Your instructions
After finding "local d'activité 627 m²" in a line below, print that line and the rest of the lines exactly, leaving out all pictures.

Records to process
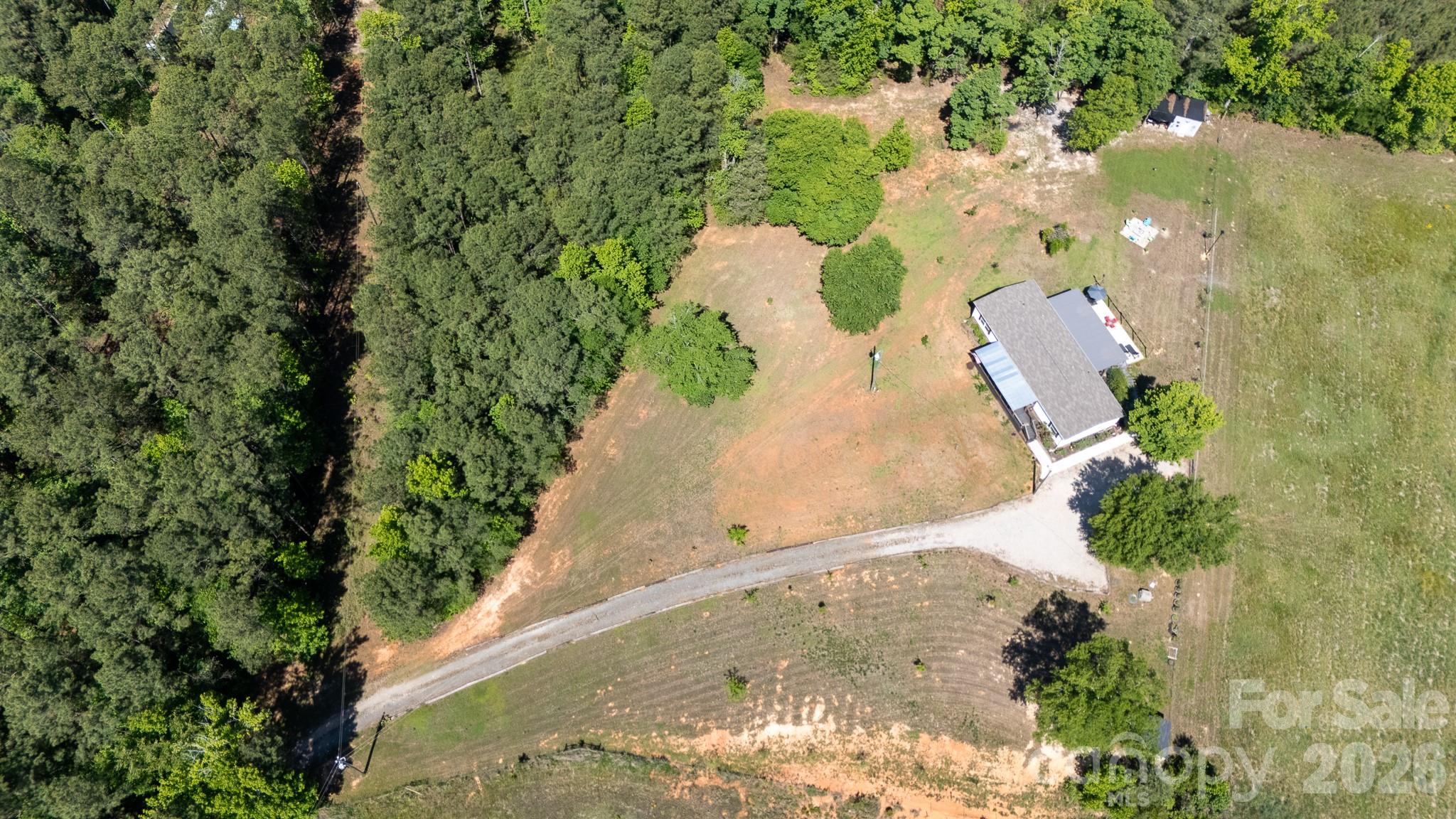 1283 Countryside Drive — Blackstock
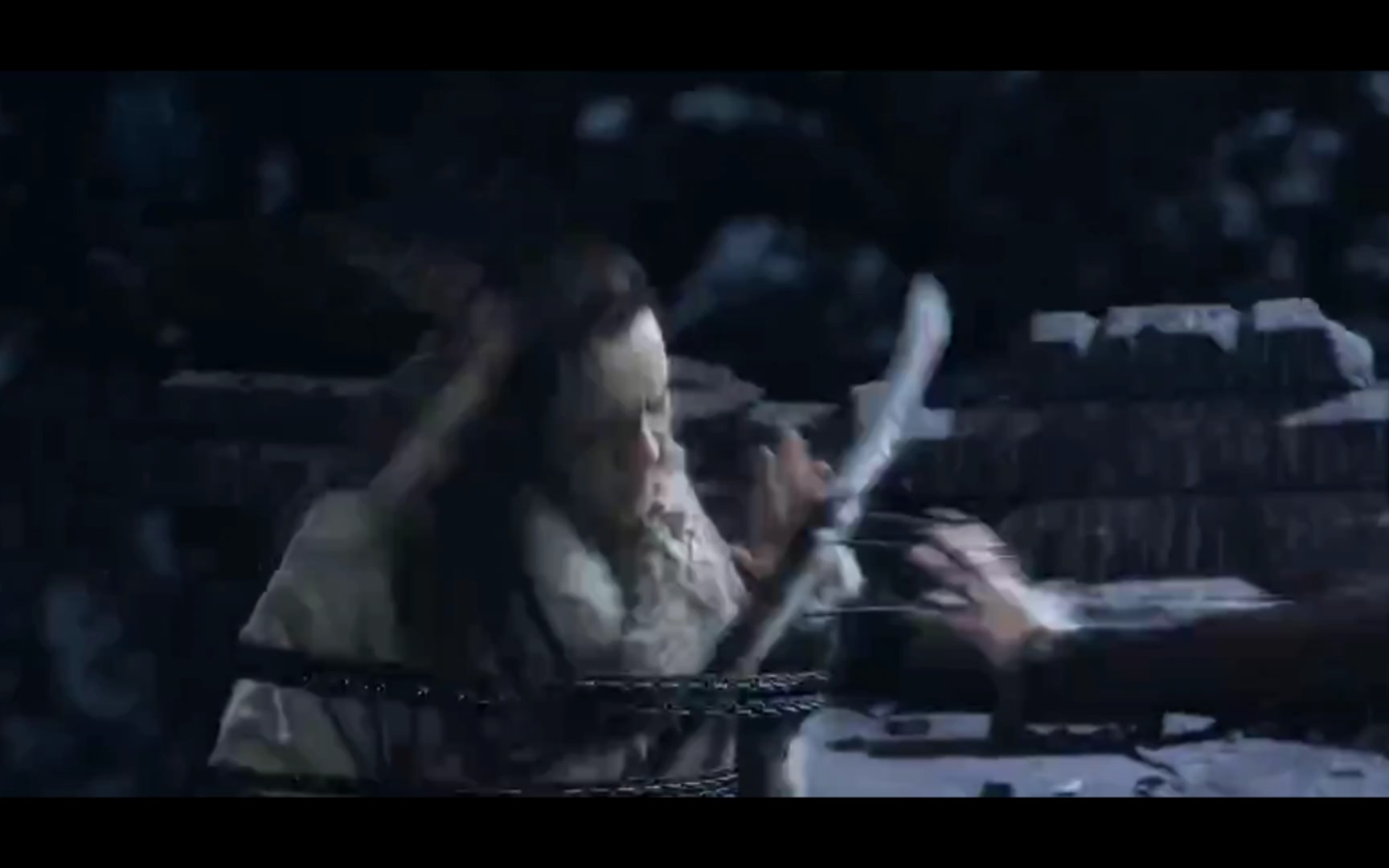 长指甲女妖被偷袭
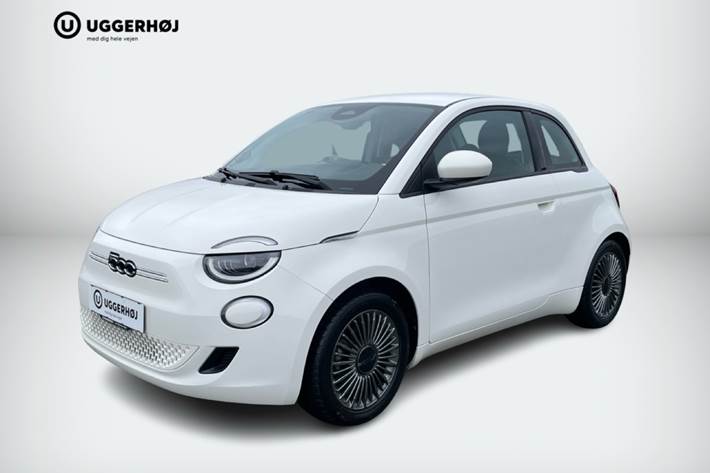 Hvid Fiat 500e fra 2022 set udefra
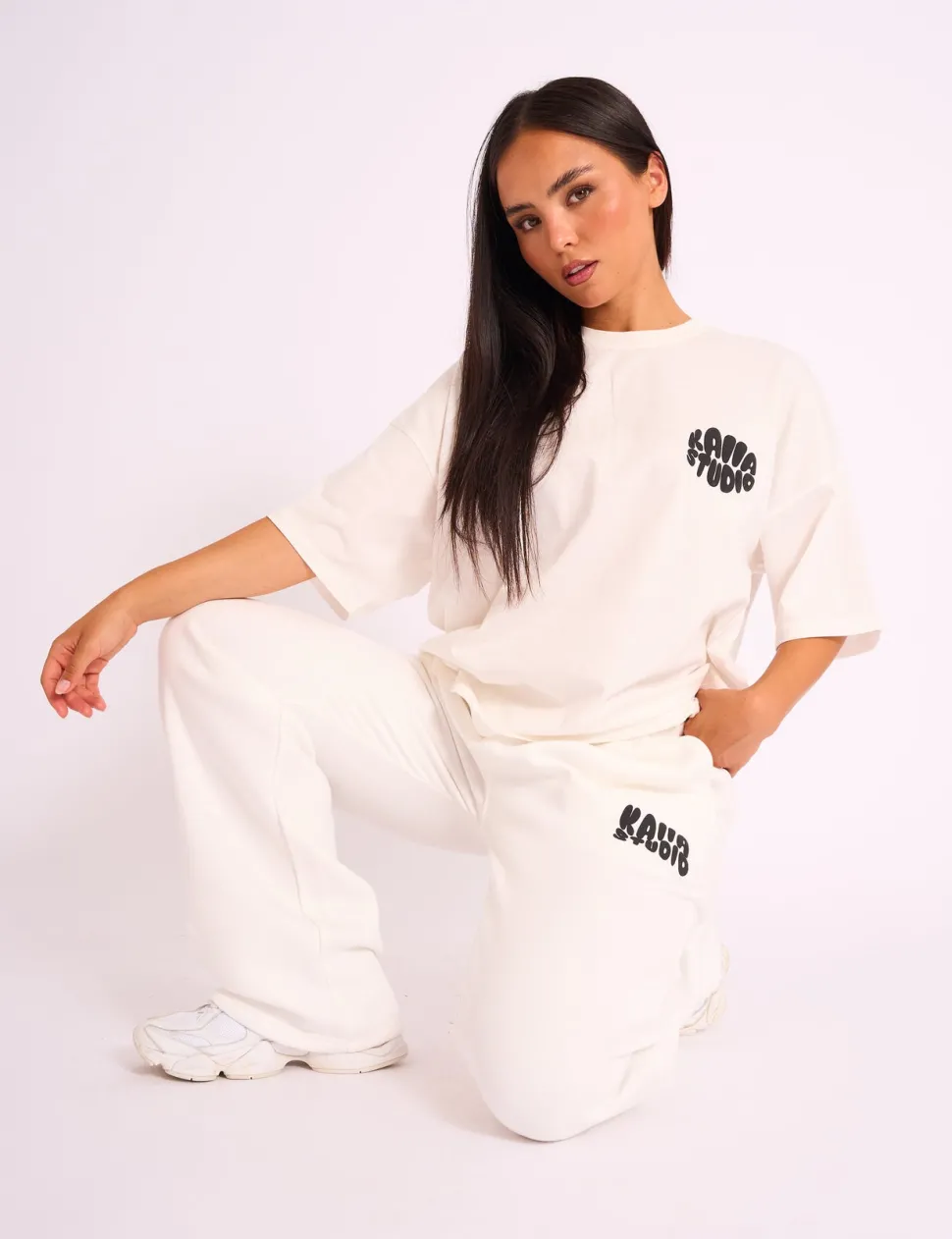 Store Kaiia Studio Bubble Logo Oversized Tee White & Black Sculpt & Leisure | Kaiia The Label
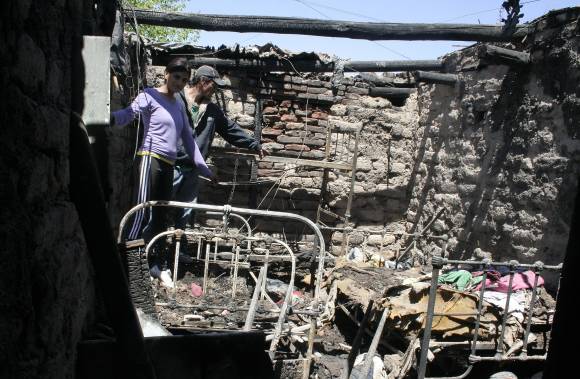 Incendio donde viven 21 chicos Incendio donde viven 21 chicos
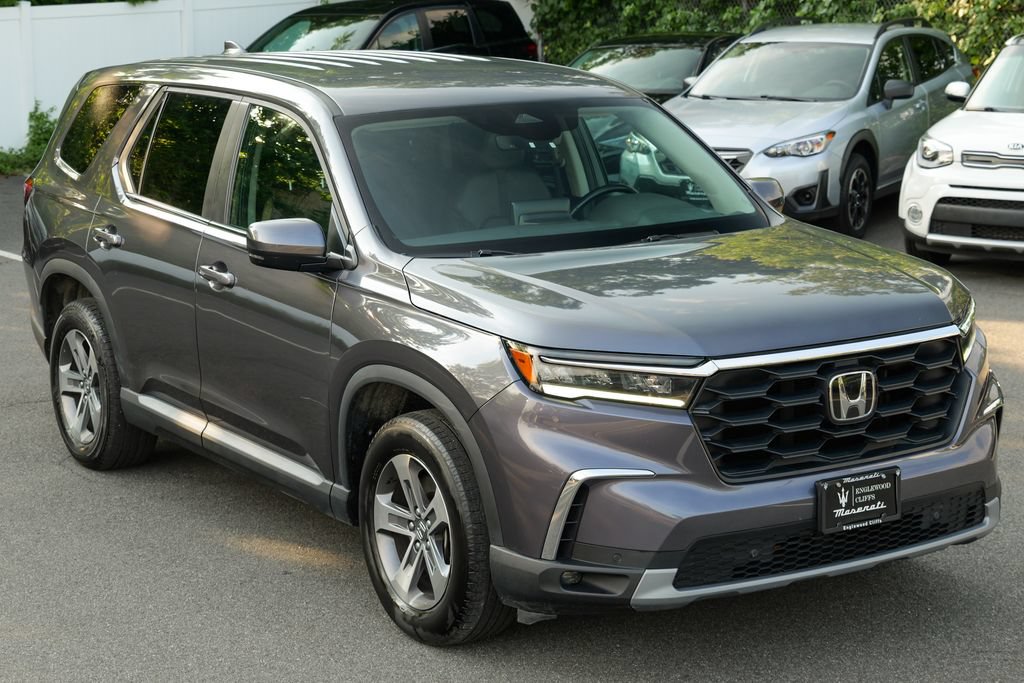 Used 2025 Honda Pilot EX-L image 9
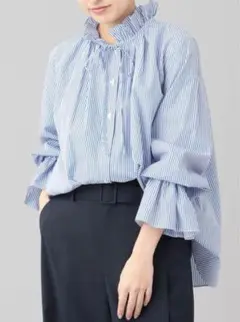 【美品】IENA ストライプコットンフリル ブラウスサックスブルー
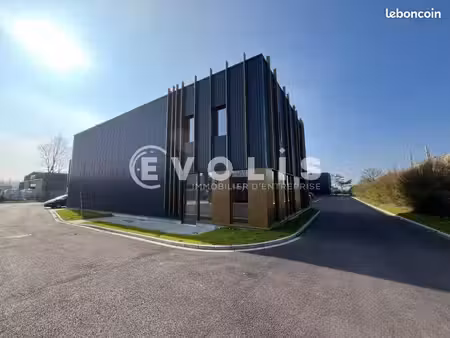 local d'activité 627 m²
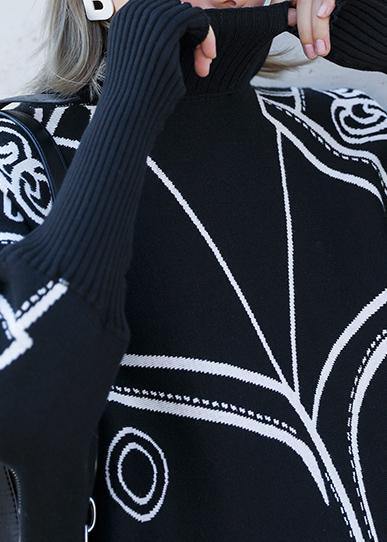 "Plus size batwing blus med trendigt och färgglatt tryck, luftig design för kvinnor, idealisk till vardags och fest."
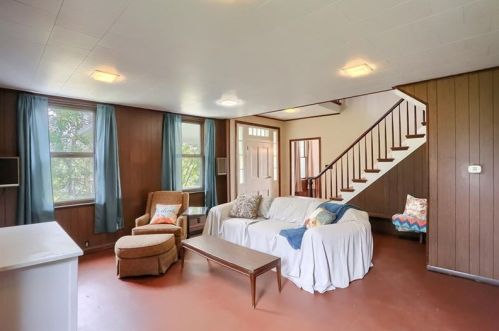 116 Matthews Spur Rd, Eighty Four, PA 15330-1930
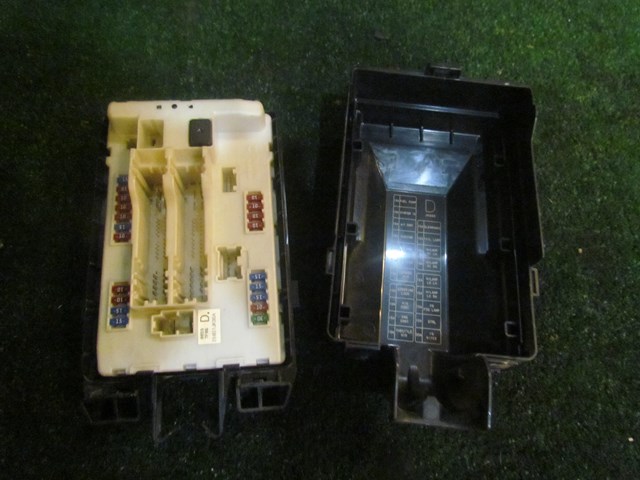 2008 Infiniti G37 Coupe IPDM Fuse Box 284B7 JK00A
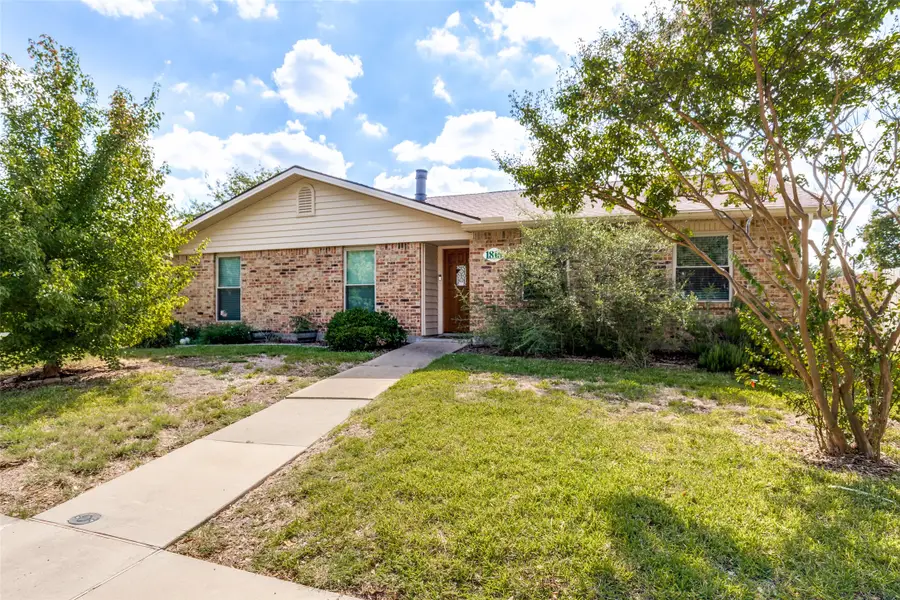 1816 Chamberlain Drive, Carrollton, TX 75007 - Image #2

The answer
 local d'activité 627 m²
 "Plus size batwing blus med trendigt och färgglatt tryck, luftig design för kvinnor, idealisk till vardags och fest."
 116 Matthews Spur Rd, Eighty Four, PA 15330-1930
 2008 Infiniti G37 Coupe IPDM Fuse Box 284B7 JK00A
 1816 Chamberlain Drive, Carrollton, TX 75007 - Image #2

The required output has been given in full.